WHAT THIS TASK INVOLVES: No pictures belong in the copy. Restate the rest of the data exactly.

[[ PROVIDED DATA, beginning ]]

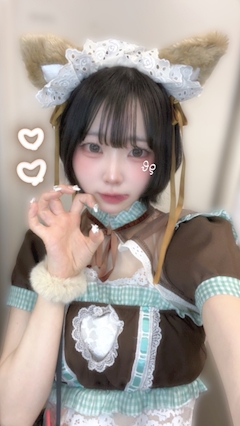 プロフィール写真15・しろ☁️｜猫耳コンカフェ C4・シーフォー - 名古屋 金山のコンカフェ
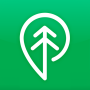 icon Treebal (Treebal
)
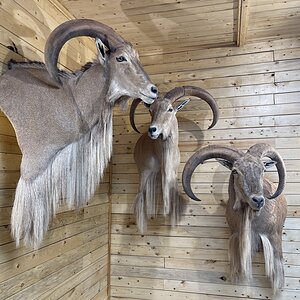 Aoudad Shoulder Mount Taxidermy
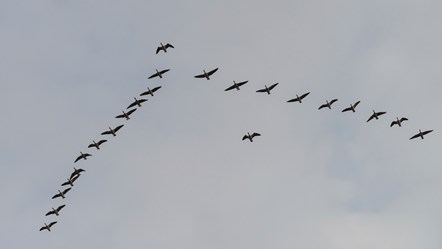 Findhorn Bay wildfowling meeting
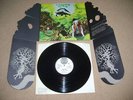 Dr Strangely Strange Heavy Petting LP UK Orig folk 1970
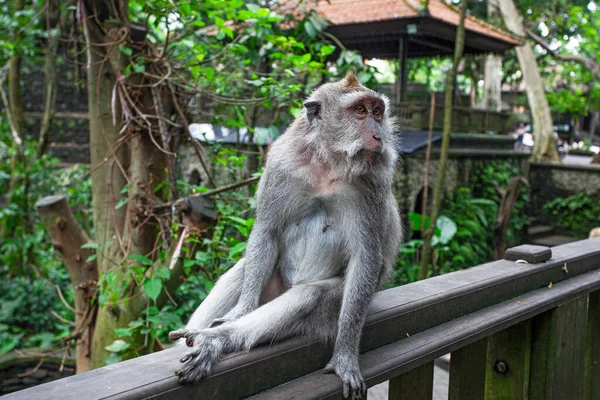 Apen Monkey Forest Park Ubud Indonesië — Stockfoto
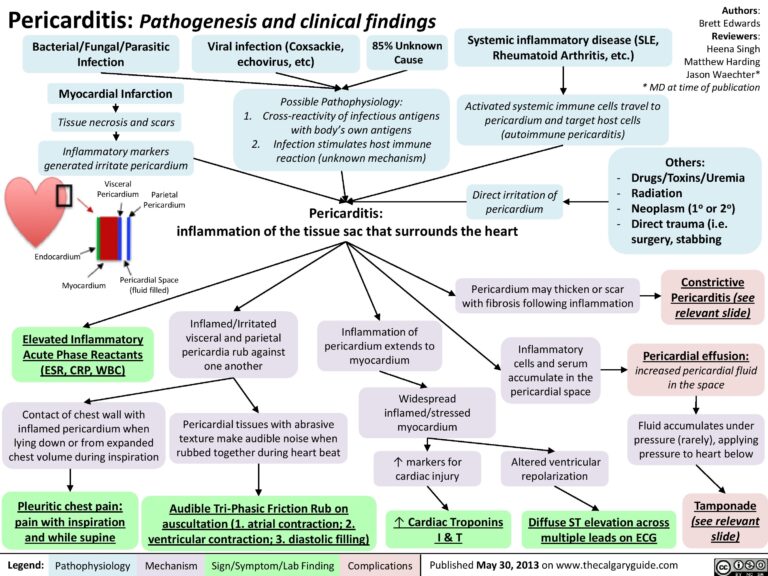 heart-inflammation-pareflectioned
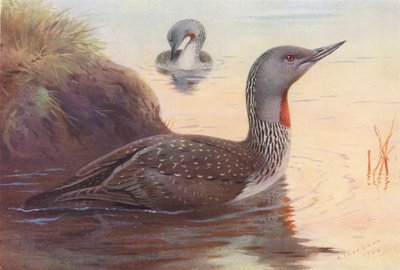 アカトビダイバー（カラーリトグラフ） 作： Archibald Thorburn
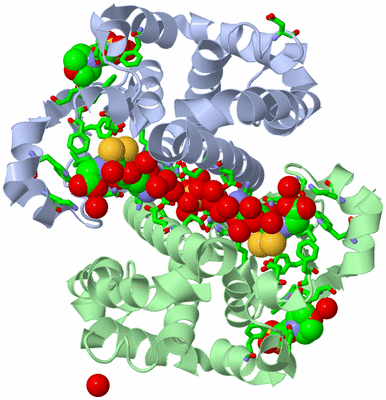 Image Asym./Biol. Unit - sites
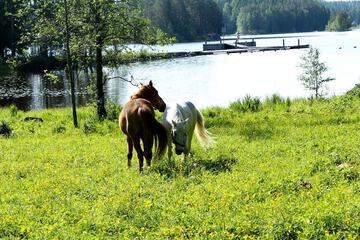 Horseback riding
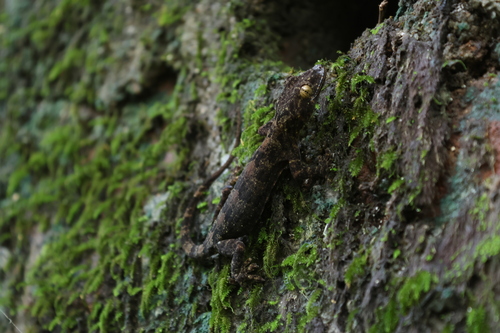 Gray's Chinese Gecko, Gekko chinensis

[[ PROVIDED DATA, end ]]

ANSWER TO THIS EXERCISE:
 プロフィール写真15・しろ☁️｜猫耳コンカフェ C4・シーフォー - 名古屋 金山のコンカフェ
 icon Treebal (Treebal
)
 Aoudad Shoulder Mount Taxidermy
 Findhorn Bay wildfowling meeting
 Dr Strangely Strange Heavy Petting LP UK Orig folk 1970
 Apen Monkey Forest Park Ubud Indonesië — Stockfoto
 heart-inflammation-pareflectioned
 アカトビダイバー（カラーリトグラフ） 作： Archibald Thorburn
 Image Asym./Biol. Unit - sites
 Horseback riding
 Gray's Chinese Gecko, Gekko chinensis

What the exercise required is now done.